MARKUP: Boosting market access for small businesses in East Africa
How is the International Trade Centre (ITC) promising greater business opportunities to micro and small businesses in East Africa through its second phase of the EU-EAC Market Access Upgrade Programme? Here is how.
In just a little over six months of its unveiling in Arusha, Tanzania, the second phase of the European Union East African Community Market Access Upgrade Programme (EU-EAC MARKUP II) is now in full swing, with ITC as the implementing partner.
For small businesses in the region, this €40 million regional initiative, currently ITC’s second largest programme, comes with the promise of greater business opportunities in both East African and European markets thanks to increased and improved interregional trade and market access.
Home to over 283 million people, the EAC partner states’ agricultural sector is critical for sustainable development. It drives their economies, providing up to a quarter of their GDP and responsible for roughly two-thirds of intraregional trade.
The wins of the EU-funded first phase of the project (2018-2022) gave us at the International Trade Centre and our partners, a taste of the potential in the East African Community.
At least 115 participating companies achieved a collective $16 million in sales and exports. MARKUP I also helped draw in $1 million in investment for over 70 micro, small, and medium-sized enterprises. And over 40 business support organizations shared that their work had become more effective with the project’s support.
But there is more work to do, especially when it comes to preparing small businesses in finding their well-deserved place in an evolving global marketplace, particularly when navigating the shift to digital technologies.
This is where MARKUP II will help leverage the immense potential of agribusiness in EAC partner states, focusing on sectors and value chains in which women, youth, and people in vulnerable situations can and should actively participate.

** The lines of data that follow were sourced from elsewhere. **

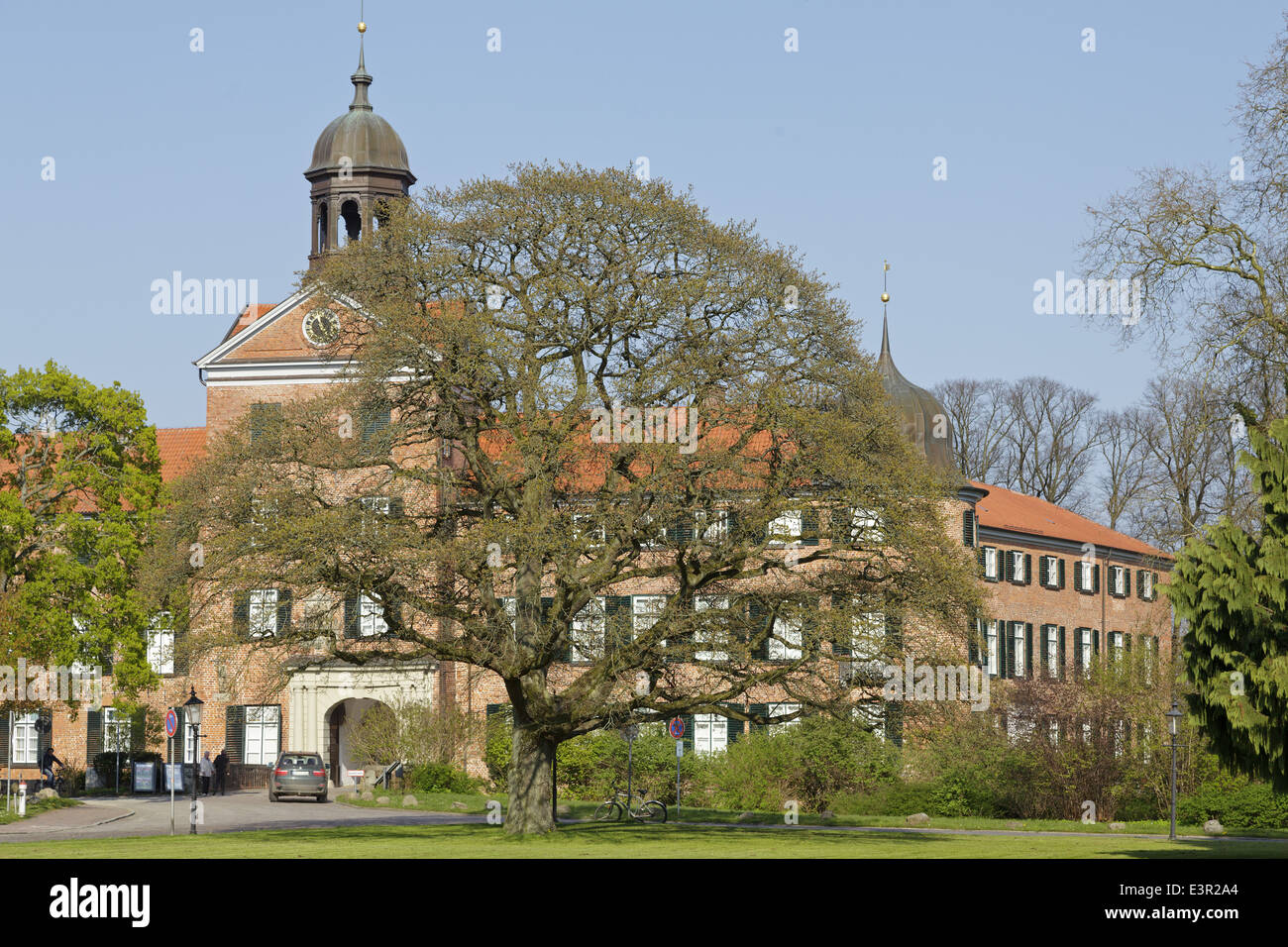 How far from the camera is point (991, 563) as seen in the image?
183 ft

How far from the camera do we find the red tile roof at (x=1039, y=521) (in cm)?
5756

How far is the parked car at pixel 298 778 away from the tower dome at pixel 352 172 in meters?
16.2

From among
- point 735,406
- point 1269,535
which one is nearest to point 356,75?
point 735,406

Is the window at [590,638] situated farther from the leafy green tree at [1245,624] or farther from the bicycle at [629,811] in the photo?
the leafy green tree at [1245,624]

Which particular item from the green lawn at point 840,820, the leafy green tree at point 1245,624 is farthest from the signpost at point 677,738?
the leafy green tree at point 1245,624

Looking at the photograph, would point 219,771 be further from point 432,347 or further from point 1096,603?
point 1096,603

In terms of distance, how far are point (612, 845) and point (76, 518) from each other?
19618 millimetres

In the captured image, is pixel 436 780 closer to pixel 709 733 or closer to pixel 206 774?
pixel 206 774

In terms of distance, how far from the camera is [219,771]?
151 ft

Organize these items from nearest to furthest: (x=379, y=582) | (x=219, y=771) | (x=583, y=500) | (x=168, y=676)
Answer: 1. (x=379, y=582)
2. (x=583, y=500)
3. (x=219, y=771)
4. (x=168, y=676)

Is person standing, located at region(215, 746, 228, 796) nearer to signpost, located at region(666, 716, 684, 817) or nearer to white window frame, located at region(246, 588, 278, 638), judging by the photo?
signpost, located at region(666, 716, 684, 817)

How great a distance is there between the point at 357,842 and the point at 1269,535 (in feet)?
48.8

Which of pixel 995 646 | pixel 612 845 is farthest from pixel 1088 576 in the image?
pixel 612 845

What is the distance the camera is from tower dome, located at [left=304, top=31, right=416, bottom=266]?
168 feet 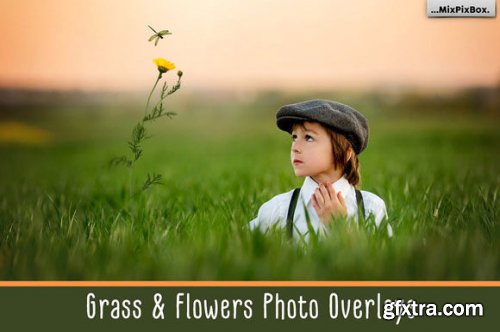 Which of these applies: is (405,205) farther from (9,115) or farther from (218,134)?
(9,115)

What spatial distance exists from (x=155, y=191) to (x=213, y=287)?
1112 millimetres

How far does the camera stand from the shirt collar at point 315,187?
308 cm

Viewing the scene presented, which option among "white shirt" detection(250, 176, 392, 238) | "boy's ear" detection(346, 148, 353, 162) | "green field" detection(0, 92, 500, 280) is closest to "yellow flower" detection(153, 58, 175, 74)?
"green field" detection(0, 92, 500, 280)

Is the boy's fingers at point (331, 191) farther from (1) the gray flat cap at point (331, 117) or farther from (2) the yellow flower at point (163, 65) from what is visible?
(2) the yellow flower at point (163, 65)

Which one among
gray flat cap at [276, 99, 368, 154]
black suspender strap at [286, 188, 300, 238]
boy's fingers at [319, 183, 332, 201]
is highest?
gray flat cap at [276, 99, 368, 154]

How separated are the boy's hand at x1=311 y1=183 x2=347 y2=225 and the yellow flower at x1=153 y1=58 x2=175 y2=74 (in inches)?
34.0

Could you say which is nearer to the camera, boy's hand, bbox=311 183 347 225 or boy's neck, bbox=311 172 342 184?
boy's hand, bbox=311 183 347 225

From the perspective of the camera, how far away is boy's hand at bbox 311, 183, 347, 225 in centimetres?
298

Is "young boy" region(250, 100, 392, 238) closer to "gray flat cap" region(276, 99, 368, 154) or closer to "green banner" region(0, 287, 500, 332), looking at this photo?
"gray flat cap" region(276, 99, 368, 154)

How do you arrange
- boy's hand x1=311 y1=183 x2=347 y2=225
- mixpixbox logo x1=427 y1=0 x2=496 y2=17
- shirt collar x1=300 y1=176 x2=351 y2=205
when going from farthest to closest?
mixpixbox logo x1=427 y1=0 x2=496 y2=17 → shirt collar x1=300 y1=176 x2=351 y2=205 → boy's hand x1=311 y1=183 x2=347 y2=225

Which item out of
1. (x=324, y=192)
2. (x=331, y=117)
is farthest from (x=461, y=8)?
(x=324, y=192)

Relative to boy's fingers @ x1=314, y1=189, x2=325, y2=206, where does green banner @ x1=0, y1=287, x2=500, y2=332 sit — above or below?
below

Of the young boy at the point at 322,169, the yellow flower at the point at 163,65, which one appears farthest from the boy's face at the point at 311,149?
the yellow flower at the point at 163,65

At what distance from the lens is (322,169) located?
3051 mm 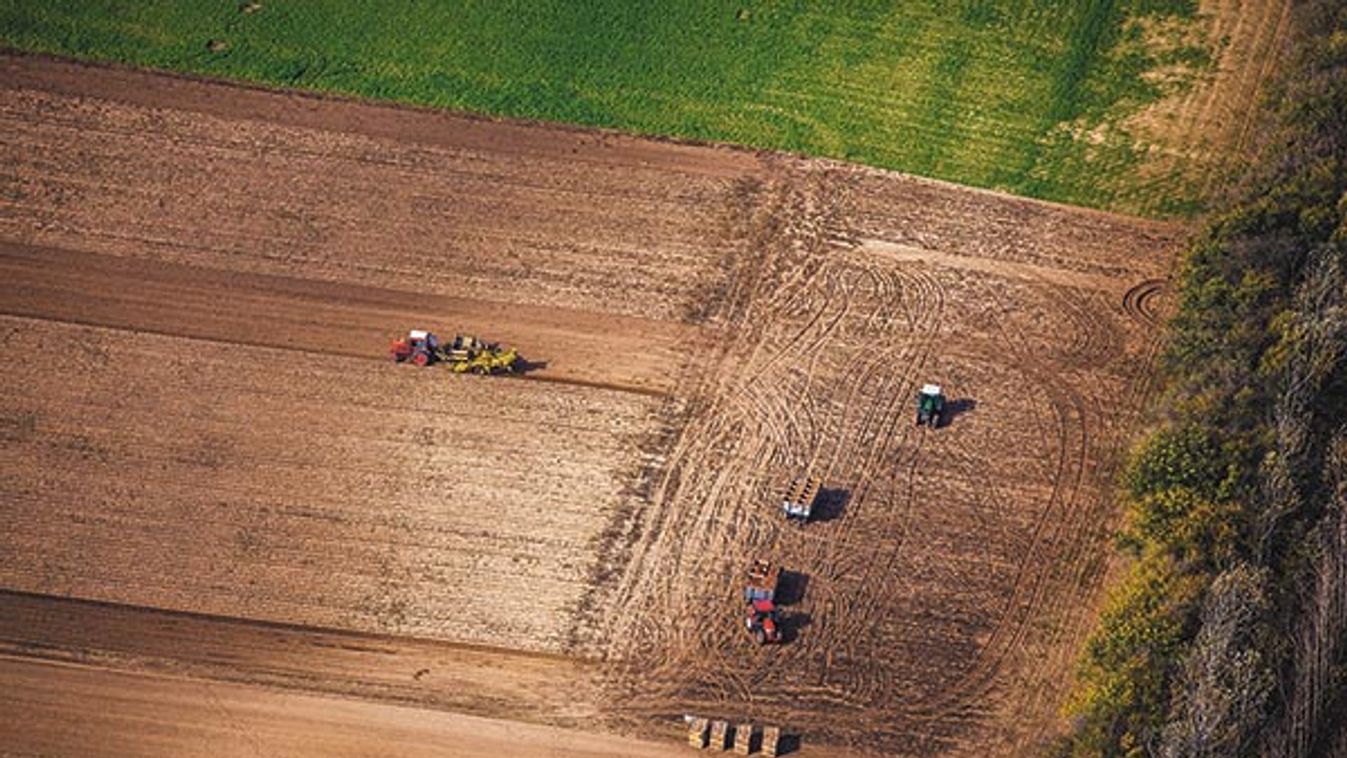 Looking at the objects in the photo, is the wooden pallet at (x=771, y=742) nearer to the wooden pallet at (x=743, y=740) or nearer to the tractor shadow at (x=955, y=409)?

As was the case with MARKUP I, the project’s focus remains on value-addition, processing, diversification, and investment promotion.
However, the project needed to expand geographically, counting now six offices in Burundi, Kenya, Rwanda, South Sudan, Tanzania, and Uganda, in addition to an office in Arusha at the EAC Secretariat, which the EAC chairs with the East African Business Council as deputy chair.
New sectors include leather, packaging, gum Arabic and essential oils as they directly contribute to the prioritized value chains identified for the African Continental Free Trade Area, which are automotive (leather), pharmaceuticals (gum Arabic and essential oils), and infant food (avocado, cocoa, spices).
To support these value chains, we are deeply focusing on identifying and reducing market access barriers, building capacity for quality and standards compliance, while establishing and operationalizing the networks of trade promotion organizations and investment promotion agencies in the EAC. Promoting technology transfer is also a priority for us.
We are confident that the efforts of our dedicated team will help boost trade holistically, both between EAC partner states and its continental trading partners, as well as with the EU and the rest of the world.
We are sincerely grateful to the EU, the EAC, our collaborators at the EAC Secretariat and national partners in the recipient countries. Without this cooperation and these valuable partnerships, ITC would not be able to play its role efficiently in driving economic development in the EAC.